Rather, both authors were obviously heavily influenced by the great Nibelungenlied, most famously adapted by Richard Wagner for his epic, doom-laden Ring Cycle. In fact, the very name of the broken sword, Tyrfing, comes from the Hervarar Saga, a 13th century saga composed from much older sagas in Germanic legend. The Hervarar Saga tells how it was made under duress by the dwarves to be a weapon that would never miss, never rust and could cut through iron or stone like cloth. However, the vengeful dwarves also put a curse on the blade, so that it would kill every time it was drawn and would turn on its owner at last.
Both writers also deliberately and masterfully employ muscular, archaic prose. Tolkien, the language style of the Anglo-Saxons, Anderson the stylistic choices of the sagas. Anderson uses kennings, rhythmic phrasing and stark dialogue. Unlike The Lord of the Rings, The Broken Sword is unusually compact and intense, with little digression.

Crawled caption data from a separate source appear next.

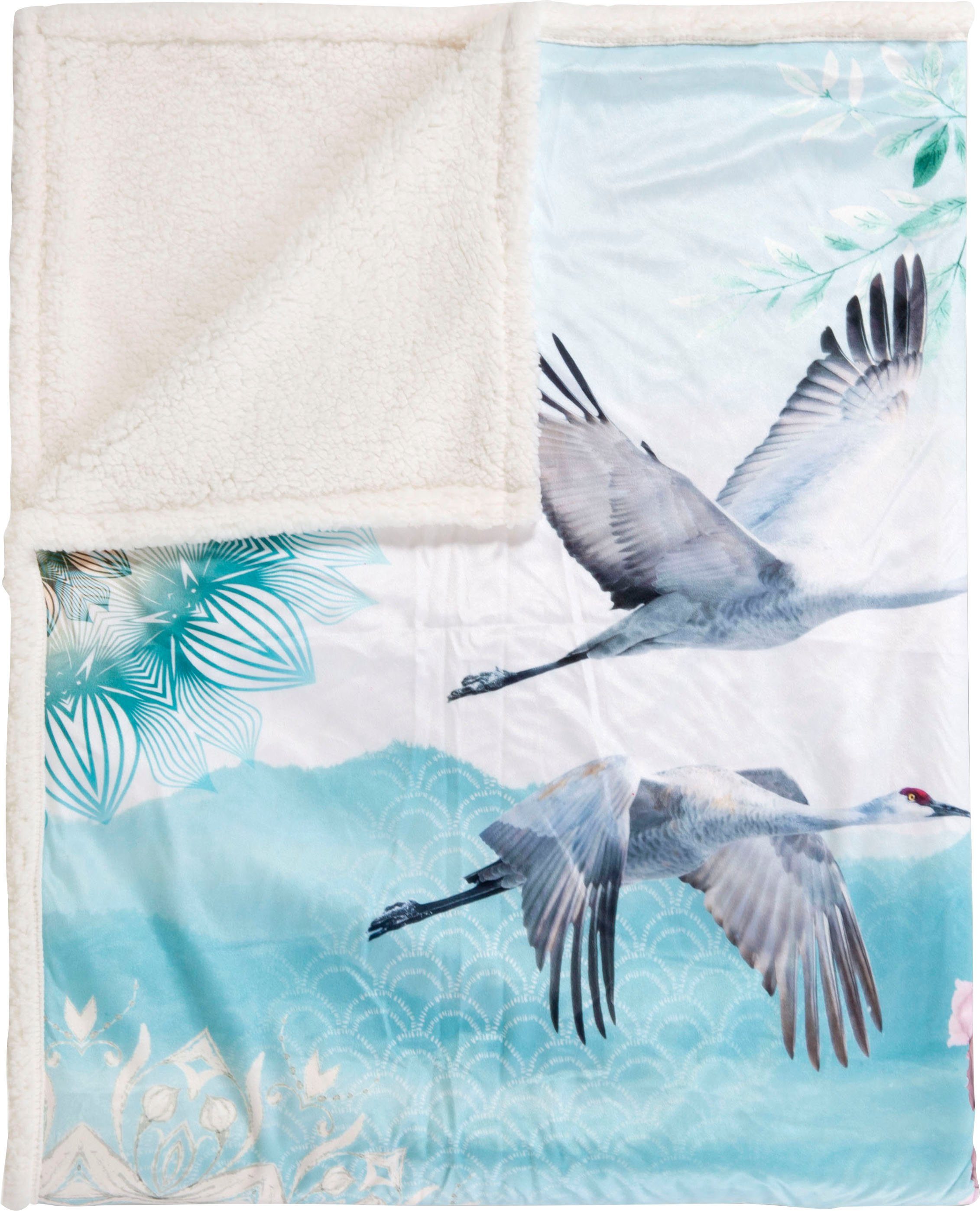 Plaid Bindi, hip, Sehr Weich, Kuscheldecke, 130x160 cm, Wendeoptik, Vogel, Grün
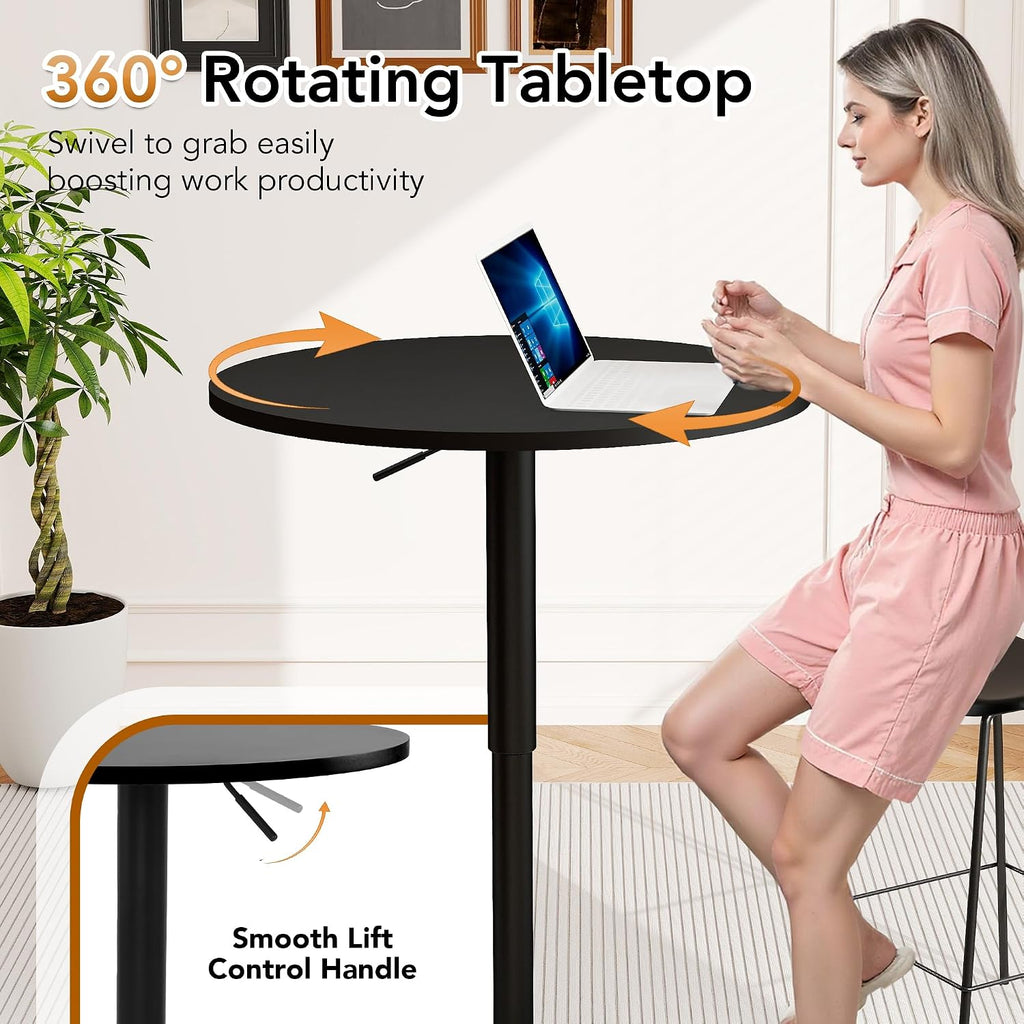 NOBPEINT Round Pub Table, Height Adjustable Bar Table, 360 Swivel Top, Cocktail Table with Black Metal Base for Bar, Bistro, Café, Full Black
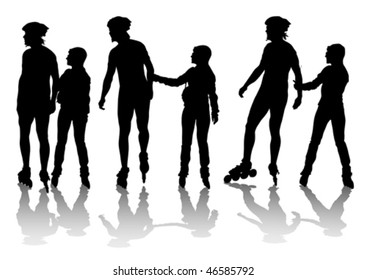 Vector drawing women athletes on skates. Silhouette on white background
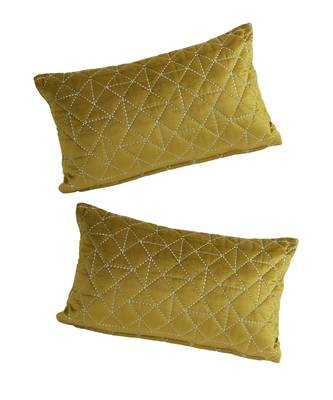 Eyda Super Soft Olive Green Color Set of 2 Quilted Cushion Cover 1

The Broken Sword also presents a a very different tonal and mythic structure to The Lord of the Rings. Where Tolkien’s narrative is infused with nostalgia and an overarching moral teleology, Anderson’s world is brutal, tragic and pagan, closer to the eddic and skaldic traditions of Icelandic sagas. There are no hobbits in The Broken Sword – and not much in the way of eucatastrophe, either.
While never as commercially famous as Tolkien, The Broken Sword deeply influenced later fantasy writers. Michael Moorcock famously called it one of the great works of heroic fantasy and a direct inspiration for his own doomed-hero sagas, including Elric of Melniboné and the cursed blade Stormbringer. The novel helped pave the way for a darker, myth-attuned heroic fantasy long before the grimdark subgenre. Crucially, The Broken Sword captures the ethos of Danish and broader Scandinavian heroic legend: bravery is validated not by victory but by standing firm in the face of one’s doom.
Anderson’s fantasy writing took a much lighter tone – at least, by way of comparison – in his other great fantasy work of the same year, Three Hearts and Three Lions. While published as a novel in 1961, it first saw light as a novella in Fantasy and Science Fiction magazine in 1953.

Three Hearts and Three Lions tells the story of Holger Carlsen, an American-trained Danish engineer who is catapulted from a WWII battlefield to a parallel universe where Northern European legend is real. On arrival, Carlsen finds the equipment and horse of a medieval knight waiting for him: they fit him perfectly and he finds he knows how to use them, as well as speak the local language (archaic French). The device on his shield gives the novel its title. Teaming up with Hugi the dwarf and Alianora the swan maiden, Holger sets out on a perilous quest as a champion of Law, fighting dragons, giants, werewolves, trolls and more.
If The Broken Sword channels the pagan north, Three Hearts and Three Lions merges that heritage with Carolingian romance. It is lighter in tone, more humorous and ultimately more optimistic, yet it shares a fascination with the boundary between mythic worlds and human duty. The hero’s twin identities of Holger Carlsen/Ogier the Dane are in fact derived from the legend of Holger Danske, a hero who, like King Arthur, sleeps until the hour of his country’s darkest need.
Anderson’s Danish heritage is not incidental to his work: it is the wellspring of his imagination. In The Broken Sword, it yields a stark tragedy worthy of the Eddas. In Three Hearts and Three Lions, it produces an affable yet profound meditation on heroism, identity, and cultural memory. Across his oeuvre, Anderson gives voice to a distinctly Nordic vision of fantasy, one where beauty and doom intertwine, where heroes strive against darkness with courage and humour and where myth remains alive, potent and deeply human.
The two novels remain touchstones of the genre because they unite scholarly precision with narrative vigour. Anderson did not merely borrow Scandinavian motifs: he lived within them, shaping stories that resonate with the philosophical and mythic depth of the sagas while remaining accessible and engaging to modern readers.